Diffusion Transformer: To address the limitations of existing algorithms in capturing local information and improving the effectiveness in cases of low overlap, we propose a diffusion Transformer model algorithm. We will continue using the source point cloud as an example.

We define the position relational embedding \(a_{j - i}^{P'}\), which represents the relative position between point \(p_i\) and point \(p_j\) in the source point cloud. This embedding is used in the cross-attention module to capture the spatial relationships between points. By capturing these relationships, the digital model can more accurately reflect the true geometric shape of the artifact.

Next, we introduce a 4-layer multi-head self-attention module. This module builds upon the local feature information from the AGCM module and allows it to focus on global information by considering different subspaces of representations. The multi-head mechanism enables the model to attend to multiple aspects of the point cloud simultaneously, enhancing its ability to capture both local and global features. In the digitization of artifacts, this mechanism can comprehensively capture the overall shape and subtle features of the artifact, providing a foundation for high-fidelity digitization.

By incorporating the diffusion Transformer module, our algorithm improves the global co-context information and effectively captures the overlapping information between two point clouds, even in cases of low overlap.
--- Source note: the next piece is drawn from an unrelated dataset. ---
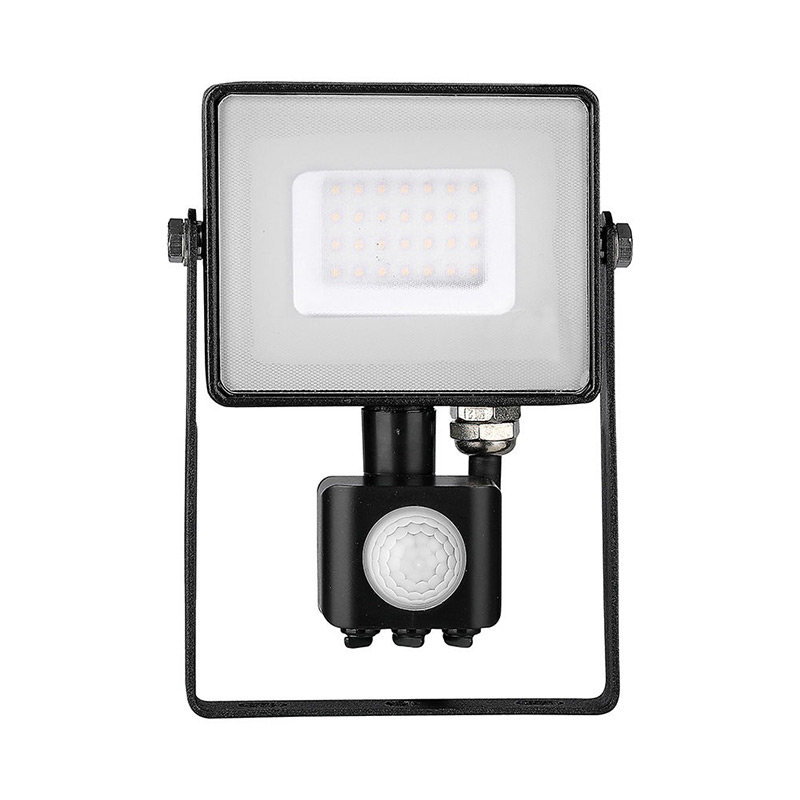 V-Tac 30W Warm White Samsung Chip LED Floodlight with PIR Sensor - Black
Thus, even in cases where the artifact is incomplete or damaged, the digitization process can achieve high-precision restoration.

Firstly, we define \(F' = (x_1^{P'},x_2^{P'} \cdots x_{N'}^{P'})\) as the input of the self-attention module in the i-th layer, where \(N'\) is the number of points, \(Z' = (z_1^{P'},z_2^{P'} \cdots z_{N'}^{P'})\) is the output matrix, which is the weighted sum of all input matrix transformations, the formula is as follows:

$$\begin{aligned} z_i^{P'} = \sum \limits _{j = 1}^{N'} {soft\max \left(\alpha _{i,j}^{Self - }\right)}\left( x_j^{P'}{W^{V,P'}}\right) \end{aligned}$$

where, \(\alpha _{i,j}^{Self - }\) is the weight coefficient that has not been normalized, and its definition is as follows:

$$\begin{aligned} \alpha _{i,j}^{Self - } = \frac{1}{{\sqrt{{d_{head}}} }} \left(x_i^{P'}{W^{Q,P'}}\right){\left(x_j^{P'}{W^{K,P'}} \right)^T} \end{aligned}$$

Next, we define \(F'' = \left(x_1^{P'} + z_1^{P'},x_2^{P'} + z_2^{P'} \cdots x_{N'}^{P'} + z_{N'}^{P'}\right)\) and \({F'_{Q'}} = (x_1^{Q'},x_2^{Q'} \cdots x_{N'}^{Q'})\) as the input \(MHAttn({F'_{P'}},{F'_{Q'}},{F'_{Q'}})\) of the cross-attention module in the i-th layer, \(Z'' = (z_1^{P',Q'},z_2^{P',Q'} \cdots z_{N'}^{P',Q'})\) is the output matrix, and its formula is as follows:

$$\begin{aligned} z_i^{P',Q'} = \sum \limits _{j = 1}^{N'} {soft\max \left(\alpha _{i,j}^{Cross - }\right)} x_j^{Q'}{W^{V,Q'}} \end{aligned}$$

where, \(\alpha _{i,j}^{Cross - }\) is the weight coefficient that has not been normalized, and its definition is as follows:

$$\begin{aligned} \alpha _{i,j}^{Cross - } = \frac{1}{{\sqrt{{d_{head}}} }}\left(x_i^{Q'}{W^{Q,Q'}}\right){\left(x_j^{P'}{W^{K,P'}} + a_{j - i}^{P'}\right)^T} \end{aligned}$$

This cross-attention mechanism is particularly important in the digitization of artifacts, as it can combine point cloud data from different perspectives to generate a more complete and consistent artifact model.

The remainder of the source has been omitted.